9. A flying vehicle ride as recited in claim 1, wherein the frame has a seat for accommodating a pair of side-by-side occupants.

10. A vehicle for a flying vehicle ride, comprising:

a frame including a seat having left and right sides:

a pair of wings that are moveable together between a neutral position, a first lift generating position in which the wings generate leftward lift, and a second lift generating position in which the wings generate rightward lift, wherein one of the wings is displaced forward of the other wing relative to the frame; and

a manually actuated control means for controlling movement of the wings between the neutral and lift generating positions.

11. A vehicle for a flying vehicle ride, comprising:

a frame including a seat having left and right sides:

a pair of wings that are moveable together between a neutral position, a first lift generating position in which the wings generate leftward lift, and a second lift generating position in which the wings generate rightward lift, wherein the frame includes hinges on which the wings are mounted for relative pivoting movement, the hinges defining a substantially vertical pivot axis for each wing, and

a manually actuated control means for controlling movement of the wings between the neutral and lift generating positions.

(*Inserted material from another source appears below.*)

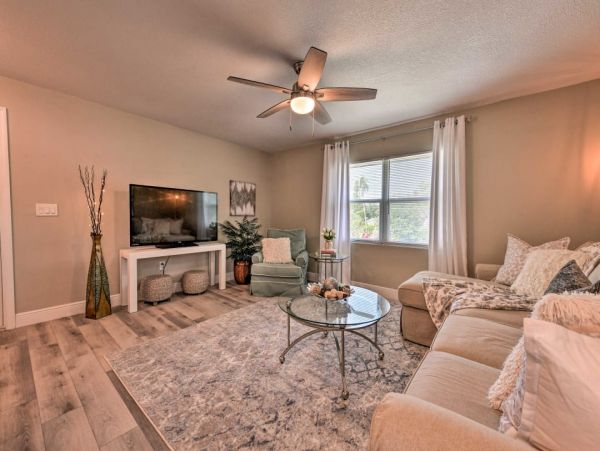 Beautiful Vacation Home in Sarasota Short Walk to Beach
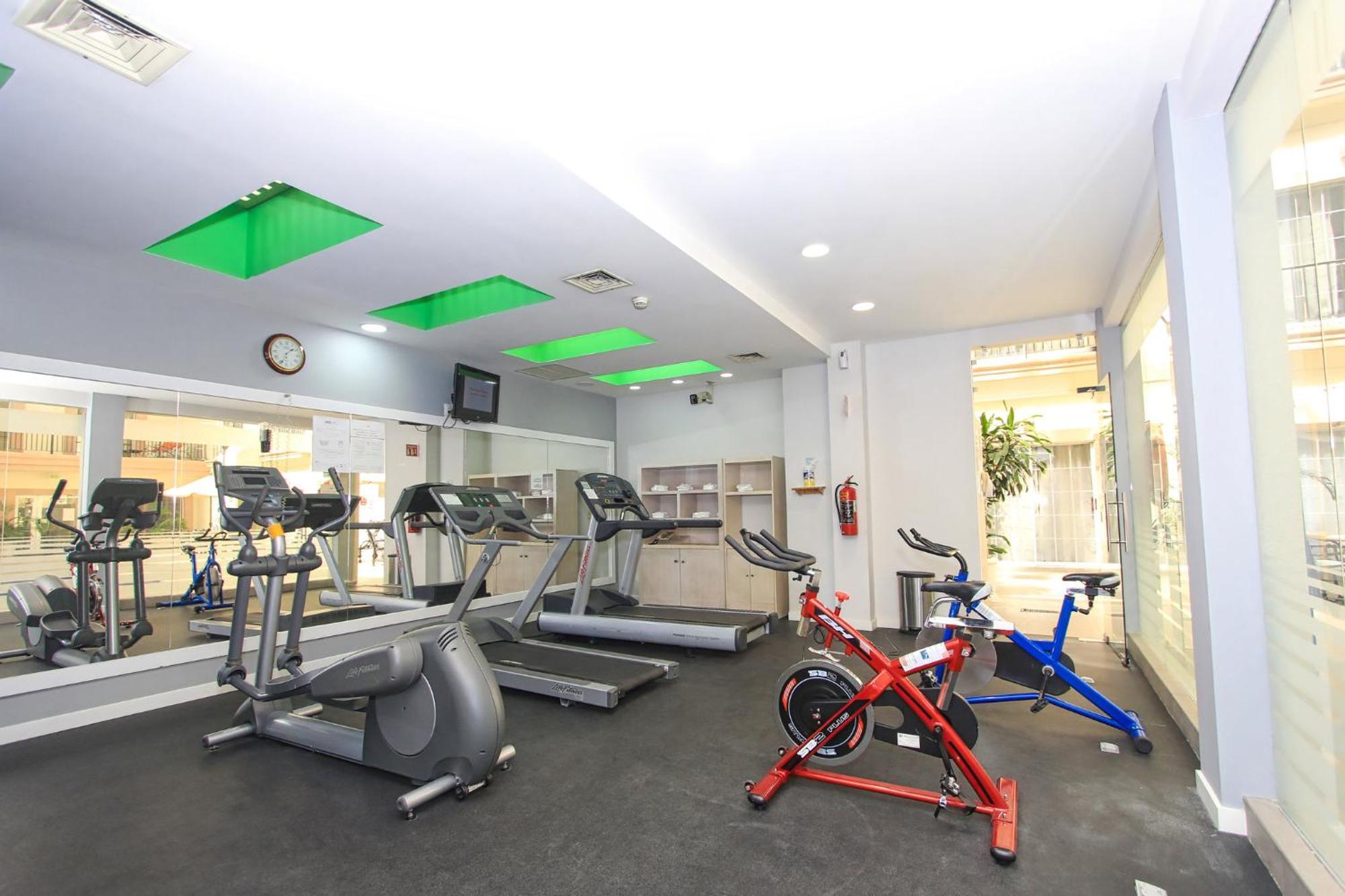 Holiday Inn Leon By Ihg Exteriör bild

12. A vehicle as recited in claim 11, further comprising a seat for accommodating an occupant, the control means including a handle accessible to the occupant and a moving means for moving the wings between the neutral and lift generating positions when the handle is manipulated.

13. A vehicle as recited in claim 11, wherein each wing defines a chord, and presents a symmetrical profile about the chord.

14. A vehicle as recited in claim 11, further comprising a stabilizer bar extending between and connecting the wings together.

15. A vehicle as recited in claim 11, wherein the frame includes a seat for accommodating a pair of side-by-side occupants.